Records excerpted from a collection
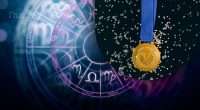 Найуспішніші знаки зодіаку: 3 людини, які завжди досягають своїх цілей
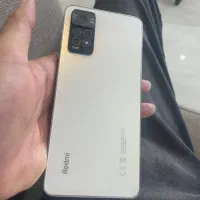 نوت ۱۱ پرو|موبایل|کرمان, |دیوار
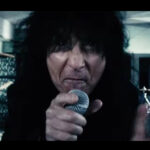 Nueva canción de Anthrax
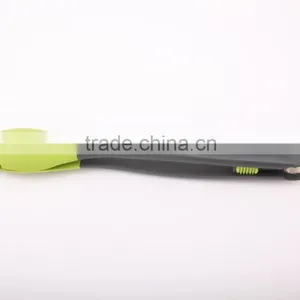 Food Service Tong thumbnail-3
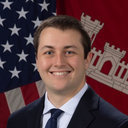 Sean McGill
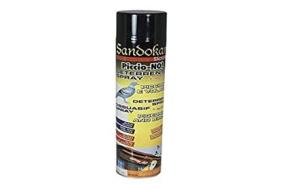Repellente piccioni ml 750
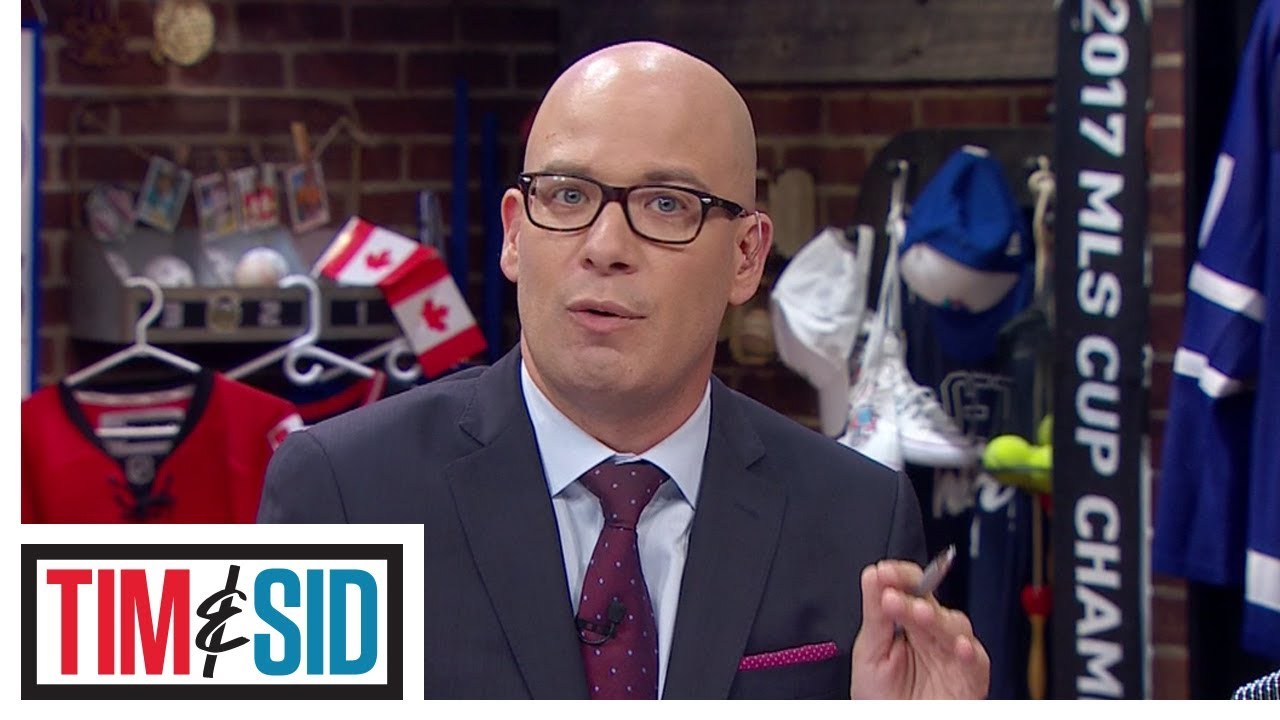 Tim’s rant against Golden State Warriors haters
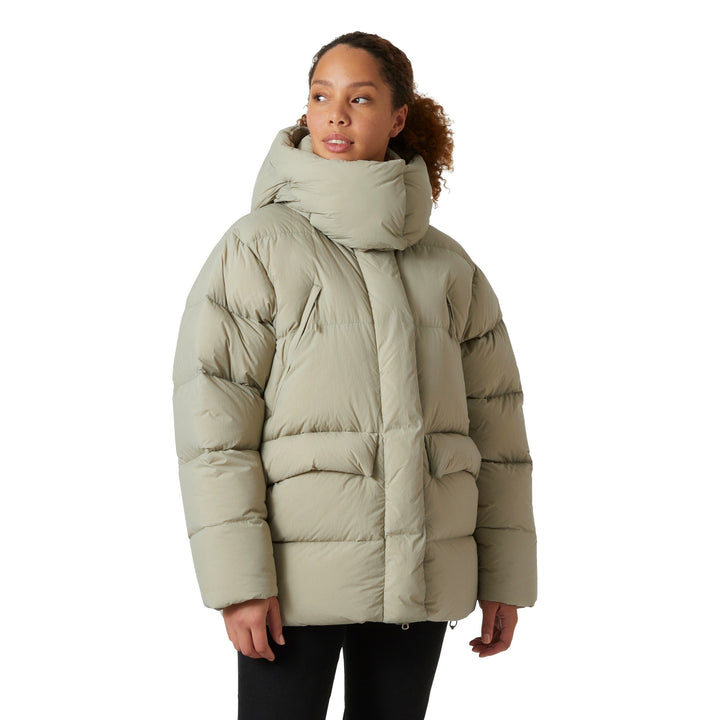 Helly Hansen Inspire Winterjacke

=== PROBLEM DESCRIPTION ===
Beginning with the line containing "Nueva canción de Anthrax" and ending with the last line of the data above, repeat each line exactly. Include no pictures and no other lines.

=== TASK SOLUTION ===
 Nueva canción de Anthrax
 Food Service Tong thumbnail-3
 Sean McGill
Repellente piccioni ml 750
 Tim’s rant against Golden State Warriors haters
 Helly Hansen Inspire Winterjacke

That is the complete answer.